Oftentimes, change happens by taking concrete steps-or in the case of Lighthouse Christian Academy, by pouring concrete for a new school facility.
The Dawson County-based private school, a ministry of Lighthouse Baptist Church, has broken ground on its forthcoming two-story academic and extracurricular complex.
The academy, which sprouted from the vision of church pastor Charles Blackstock, offers a preK-12 education based on the nationally reputable Abeka curriculum and Biblical principles, said academy Principal Dewey Moye.
Moye joined the academy before the 2021-2022 school year, bringing with him 46 years of experience in public and private schools.
The new facility will house both elementary and high-school classrooms in the front portion, closer to the academy’s existing premises, and a gymnasium in the back part.
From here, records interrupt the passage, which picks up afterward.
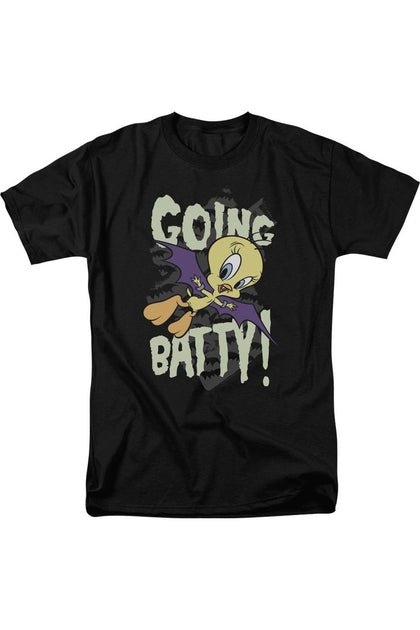 Gildan Looney Tunes Going Batty T-Shirt Black Medium 2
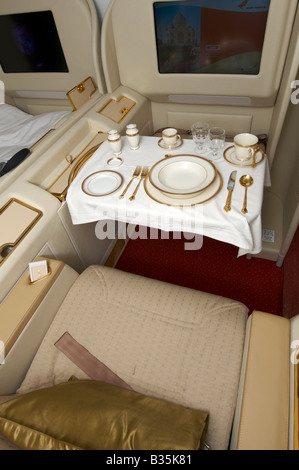 First Class Air India Boeing 777-300ER Farnborough Air Show 2008 Stockfoto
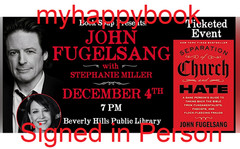 SIGNED Separation of Church and Hate by John Fugelsang, autographed, religion
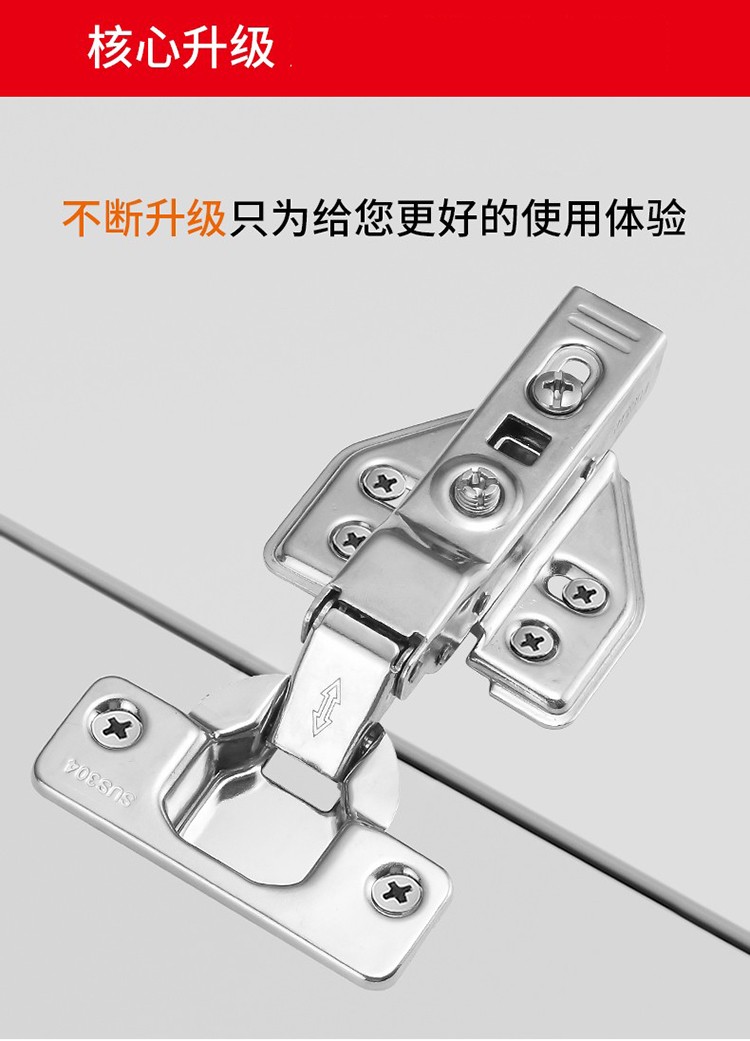 铰链合页橱柜门不锈钢液压缓冲合页阻尼铰链柜门合页飞机衣柜暗门合叶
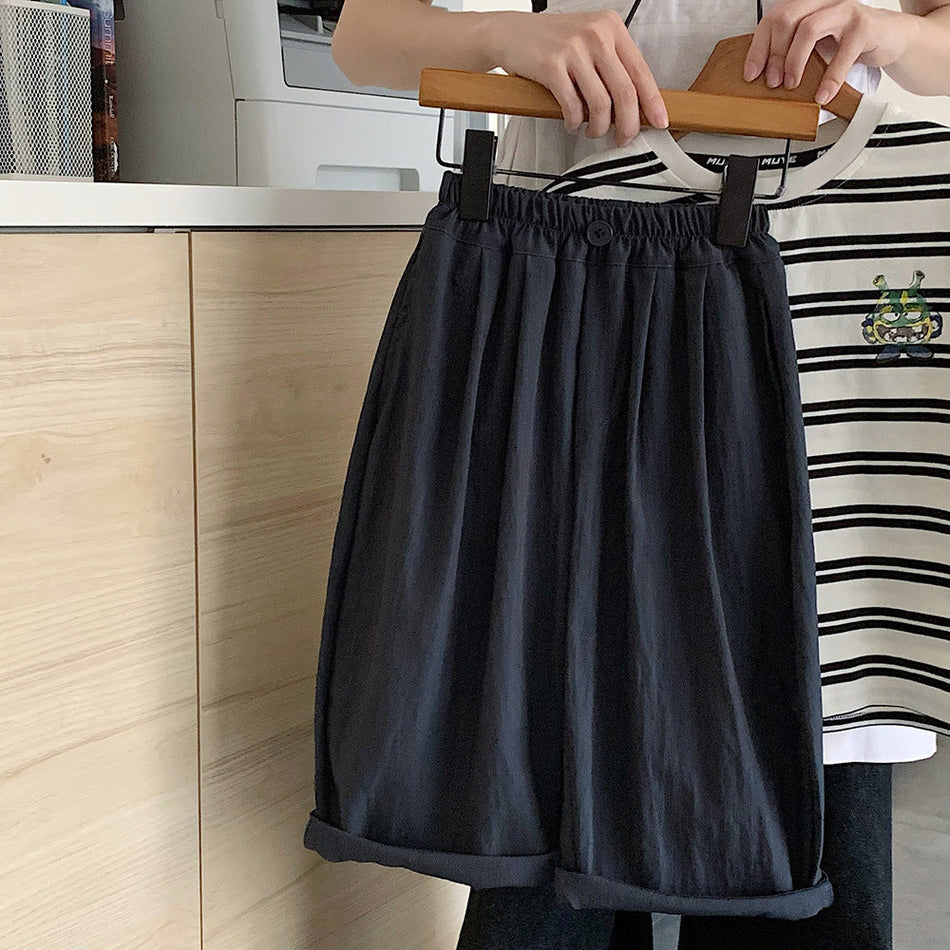 Kids Korean Style Wide Leg Anti-Mosquito Casual Pants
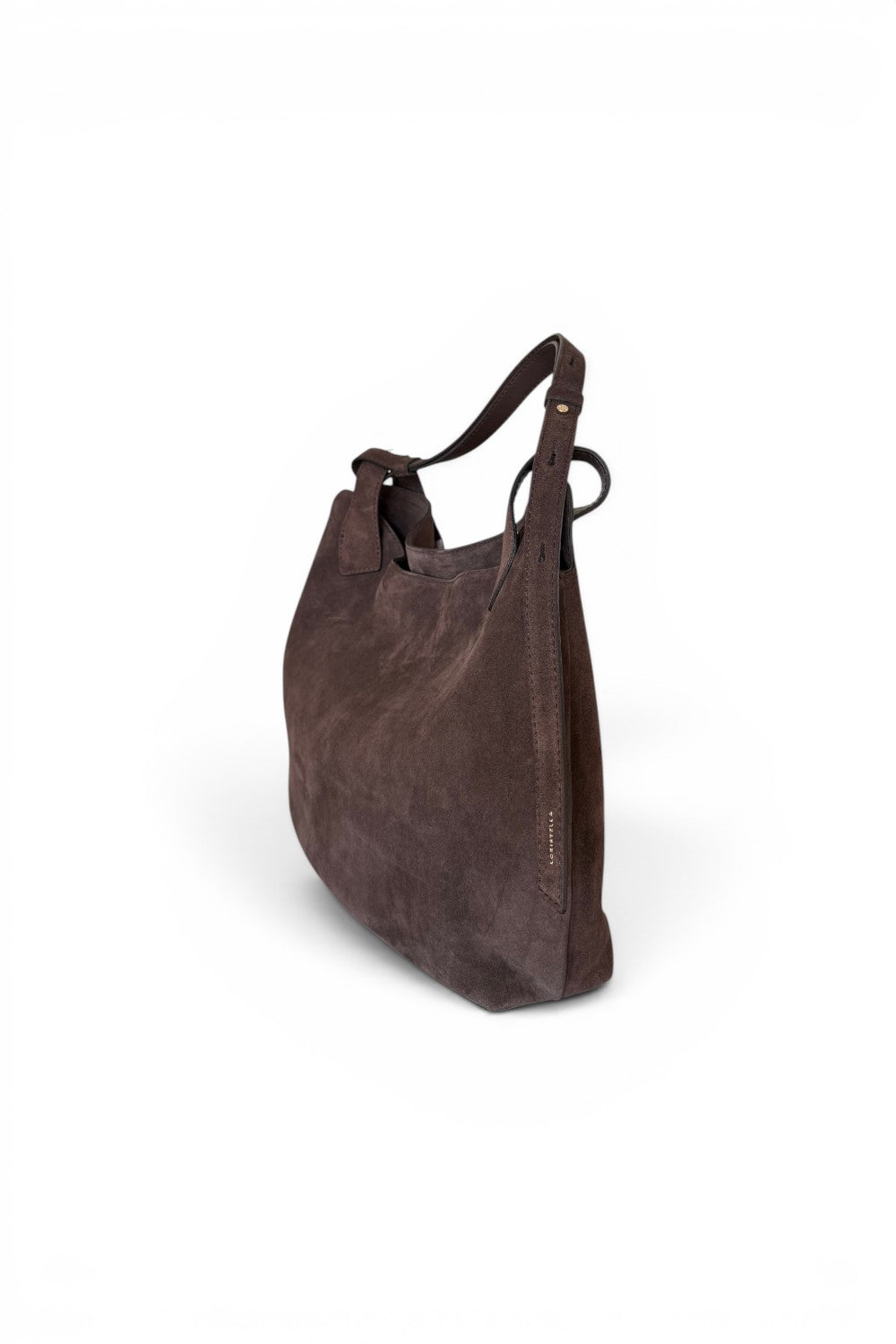 Borsa tracolla Mary suede cioccolato Loristella<BR/> 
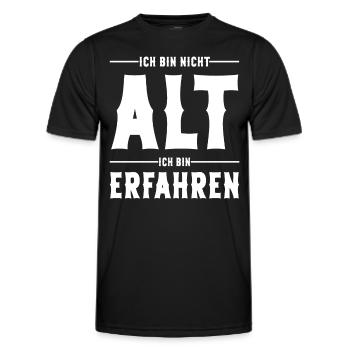 Ich bin nicht Alt ich bin Erfahren Alter Sprüche - Männer Funktions-T-Shirt - Schwarz - Vorne - AI Model Male 178 dark (178cm)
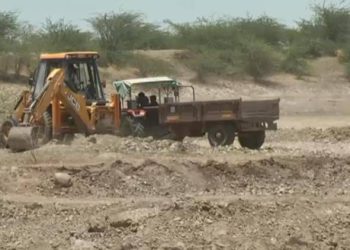 જોડિયાના ડોબર વિસ્તારમાં બેફામ રેતીચોરી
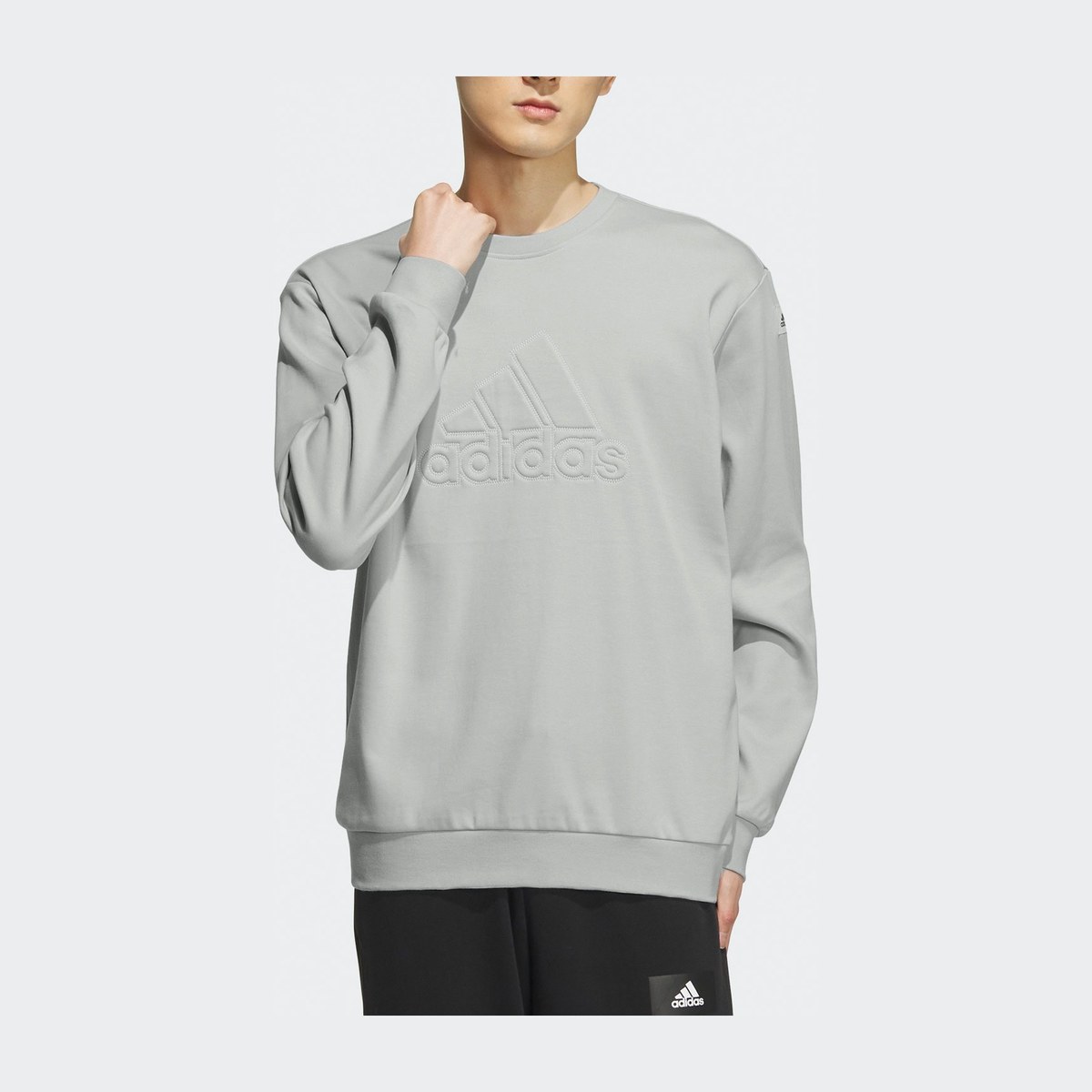 adidas Sportswear Lounge Sweatshirt Silver Gray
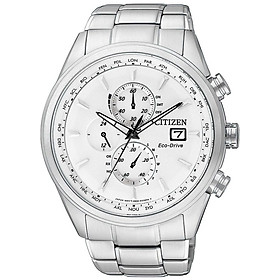 Đồng Hồ Nam Citizen Dây Thép Không Gỉ AT8015-54A - Mặt Trắng (Sapphire)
Moye explained that they’re “really going after a superior academic program,” with plans for more STEM offerings, such as chemistry and physical science labs and a state-of-the-art computer lab. There are also plans to add more foreign language classes and hire more support staff and more STEM-specific teachers.
As for the academy’s athletic programs, Lighthouse plans to host basketball on their campus as well as expand to track and volleyball programs, Moye added.
He said the academy’s expansion is projected to be an “over-a-million-dollar” project. Ideally, construction on the facility will be finished before the next school year and without debt.
The academy has been running a fundraising campaign for about a month, already soliciting some donors. Others interested may donate to lcadawsonville.com/donate or send checks to Lighthouse Christian Academy, 329 Harmony Church Road, Dawsonville GA 30534.
The principal said that there has been more interest in the school in recent months. Currently, 68 students are enrolled and class sizes are kept small at 6-7 students per teacher. Each instructor is fully certified, and some have advanced degrees.
Moye elaborated that the increased parent appointments he’s been taking are a positive sign of school growth. In particular, the amount of elementary students has steadily been increasing.
County wide, 76.7 percent of Dawson County’s school-enrolled population is enrolled in K-12 grades, according to updated U.S. Census data.
He expects enrollment to grow by a few hundred students in the coming years.
“It’s exciting to see it grow,” Moye said of the school. “More people are interested in Christian education [now].”